> Problem description:
Please copy the data below exactly, from its first line through the line holding "Play Boy Hd", and skip the pictures.

> Input data:

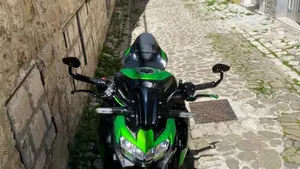 Kawasaki Z 900 (2020)  (10)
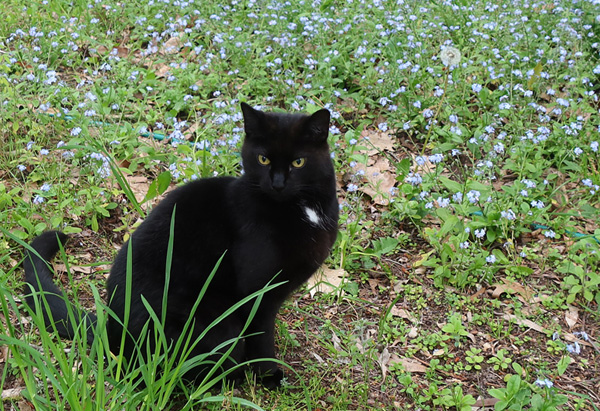  The forget-me-nots are covering the lawn. Oops! 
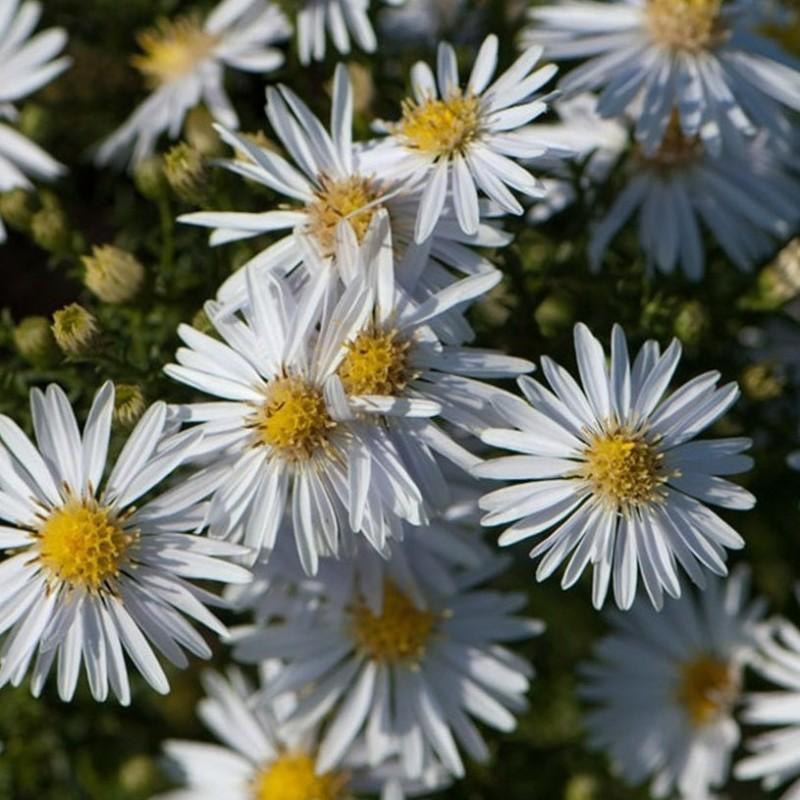 Астра многолетняя "Вайс" (Weiss), С2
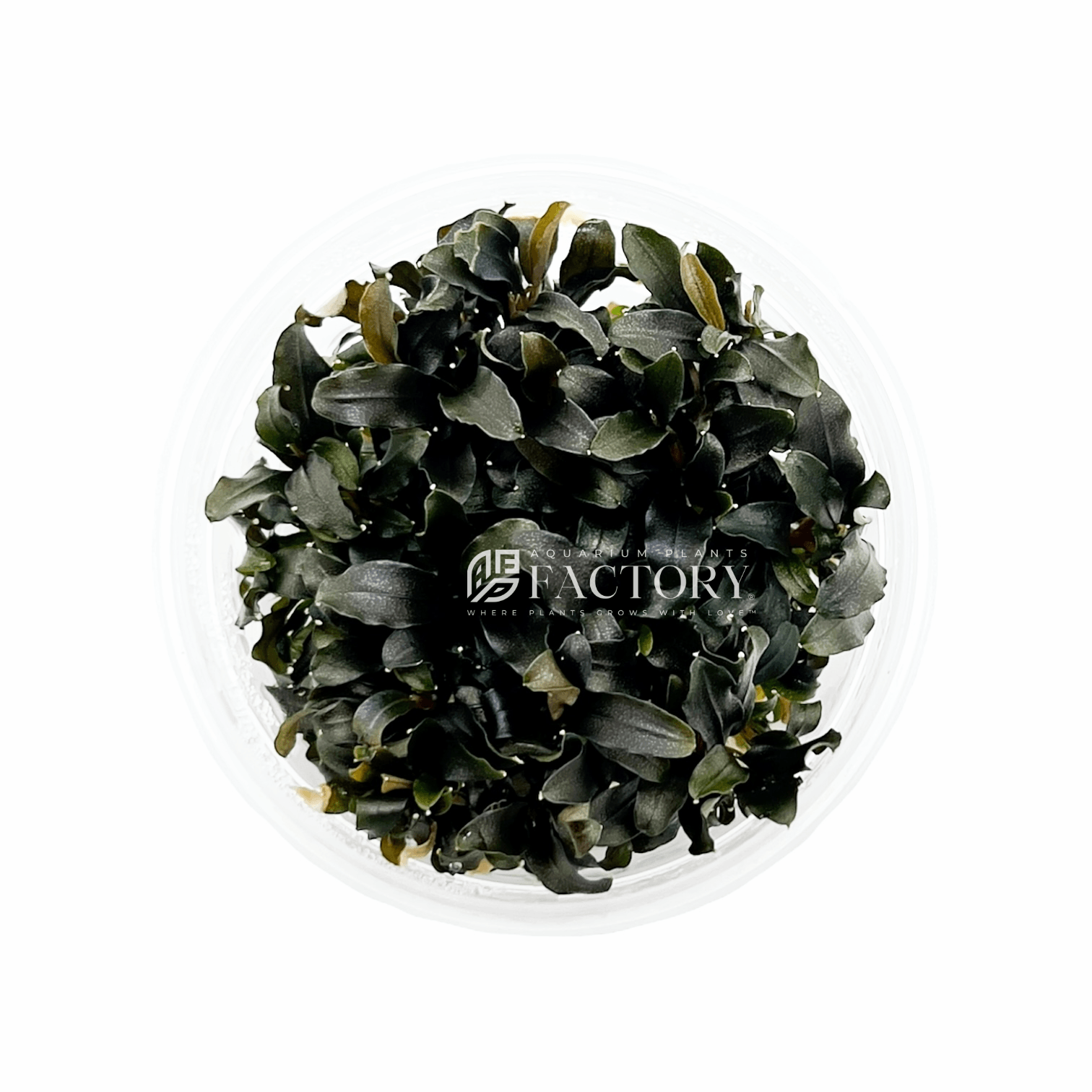 Bucephalandra Black Galaxy Tissue Culture APF Aquarium Plants Factory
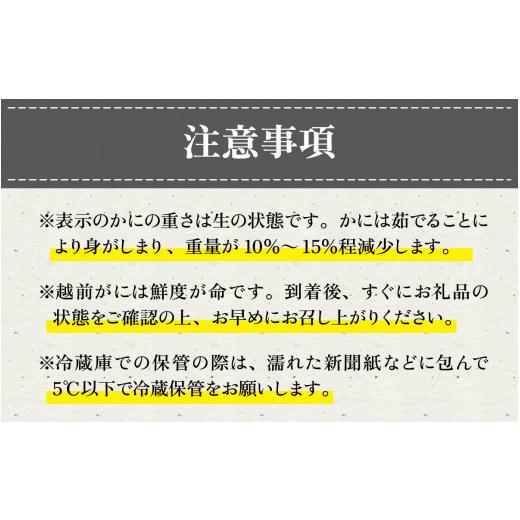 ふるさと納税 福井県 福井市 ＜2月発送分＞蟹好きが唸る老舗カニ料理店の越前茹ズワイ蟹（小1杯）【 越前がに ズワイガニ ずわいがに …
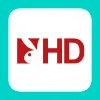 Play Boy Hd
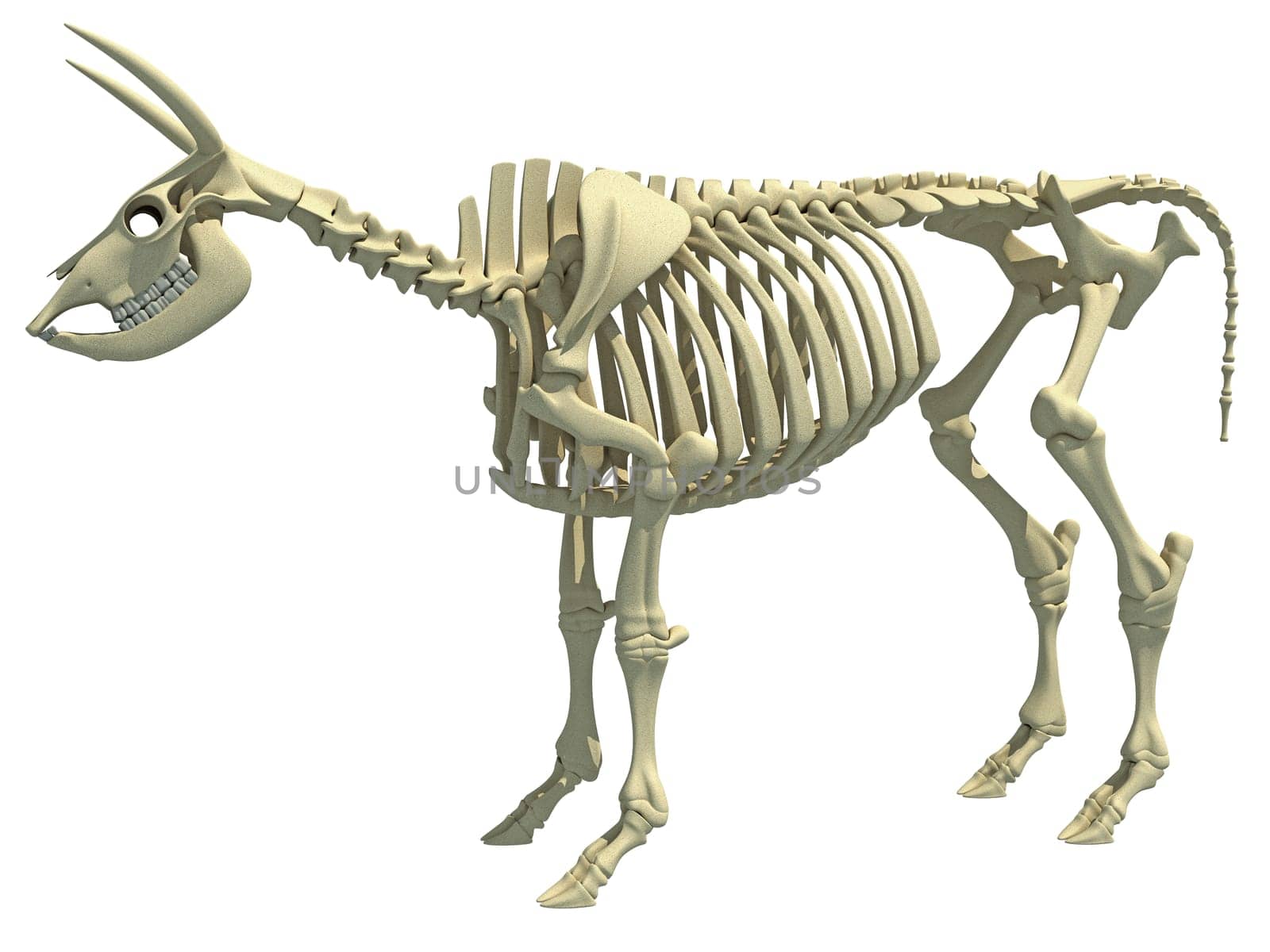 Cow Skeleton animal anatomy 3D rendering model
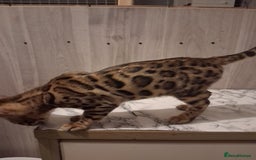 Bengal cats for sale: Tica reg. Bengal Kittens  - Image 5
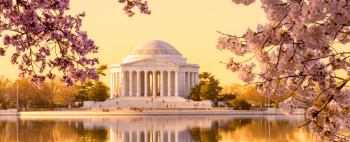 The Jefferson Memorial at sunrise, cherry blossoms visible in the foreground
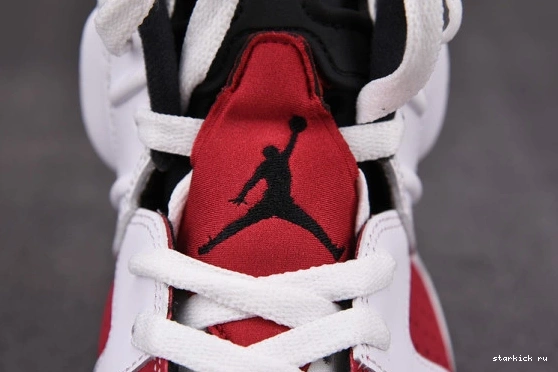 Carmine Retro 6 CT8529-106 (2021) Jordan CT8529-106 Air 0412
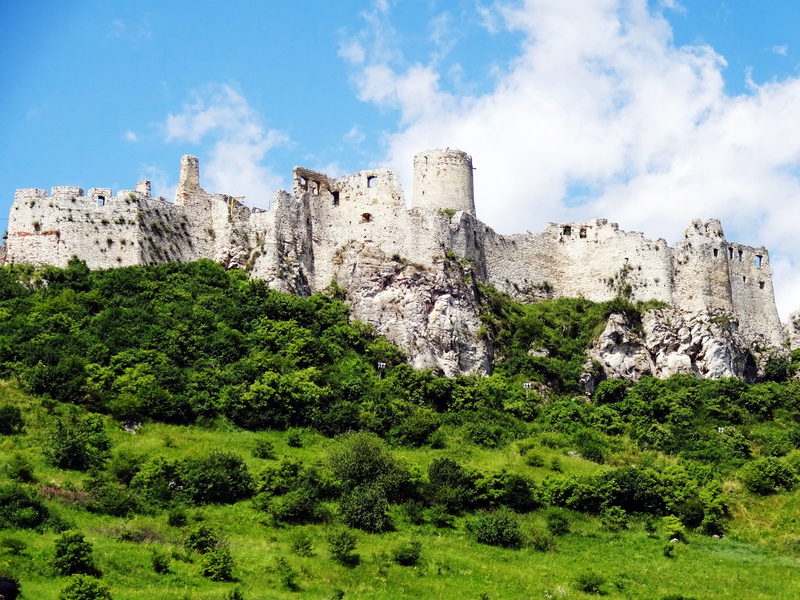 fortification, ancient, low angle view, monument, ancient civilization, castle, nature, the past, outdoors, sky, growth, day, ruined, built structure, no people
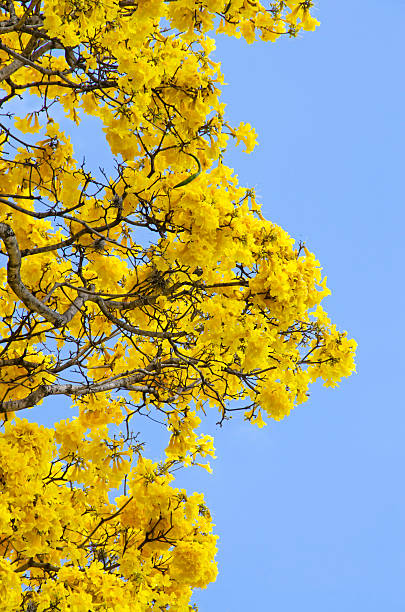 Araguaney Tree, Tabebuia chrysantha stock photo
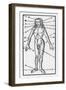 Phlebotomy Chart of the Human Body Showing-null-Framed Art Print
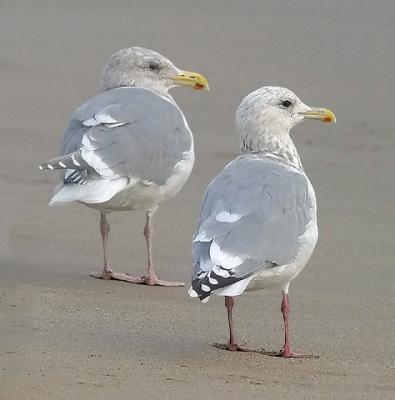 Thayer's Iceland Gull (right) with presumed Glaucous-winged x Western Gull, both basic adults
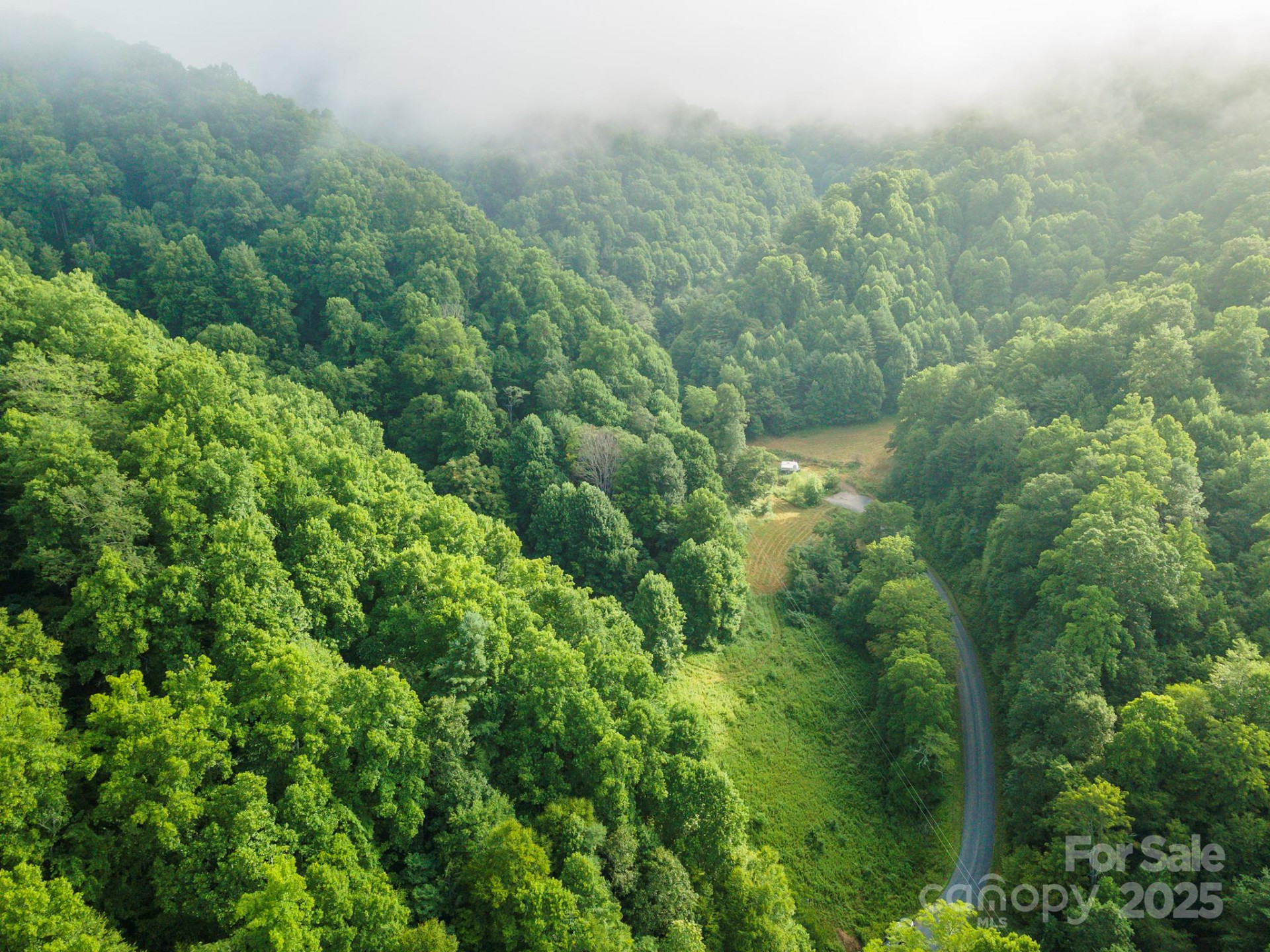 99999 Renfro Road - Photo 12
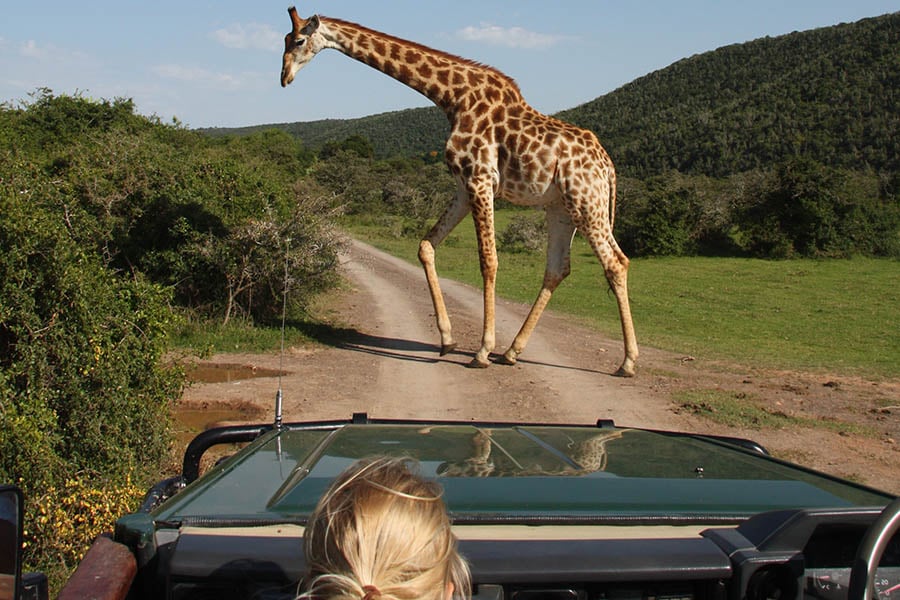 We enjoyed some incredible, wildlife-filled game drives over the course of two days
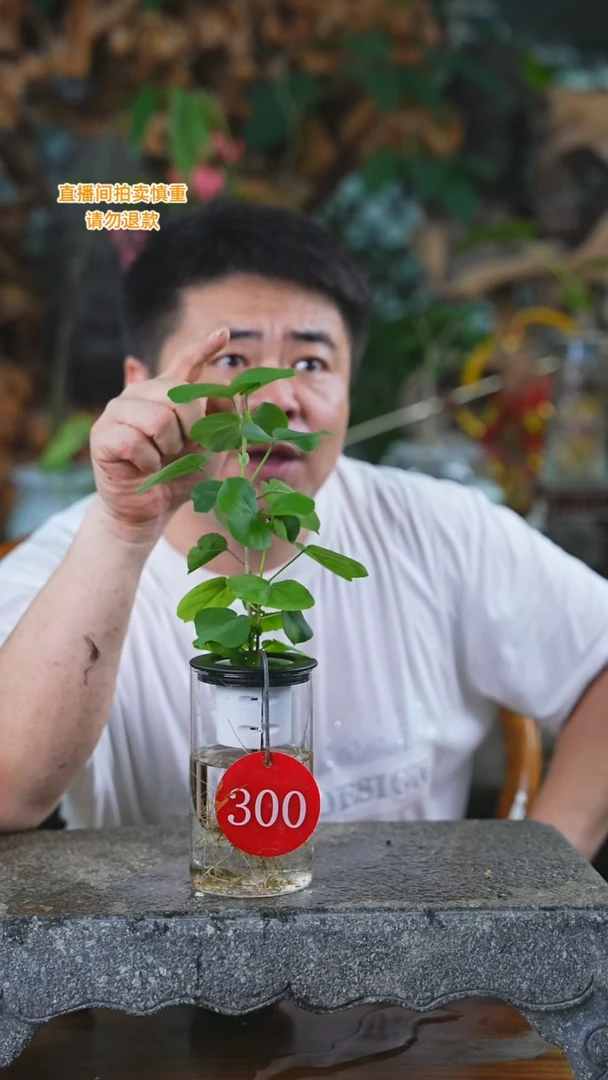 当前无花栽培后可以开花300滨朴T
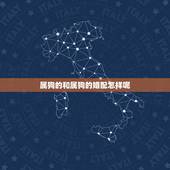 属狗的和属狗的婚配怎样呢，属狗的和属狗相配吗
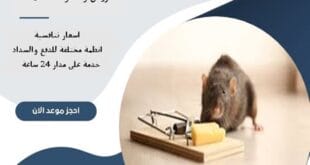 مكافحة فئران بالرياض 62 شركة مكافحة فئران بالرياض | 0510172091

> Task response:
 Kawasaki Z 900 (2020)  (10)
  The forget-me-nots are covering the lawn. Oops! 
 Астра многолетняя "Вайс" (Weiss), С2
 Bucephalandra Black Galaxy Tissue Culture APF Aquarium Plants Factory
 ふるさと納税 福井県 福井市 ＜2月発送分＞蟹好きが唸る老舗カニ料理店の越前茹ズワイ蟹（小1杯）【 越前がに ズワイガニ ずわいがに …
 Play Boy Hd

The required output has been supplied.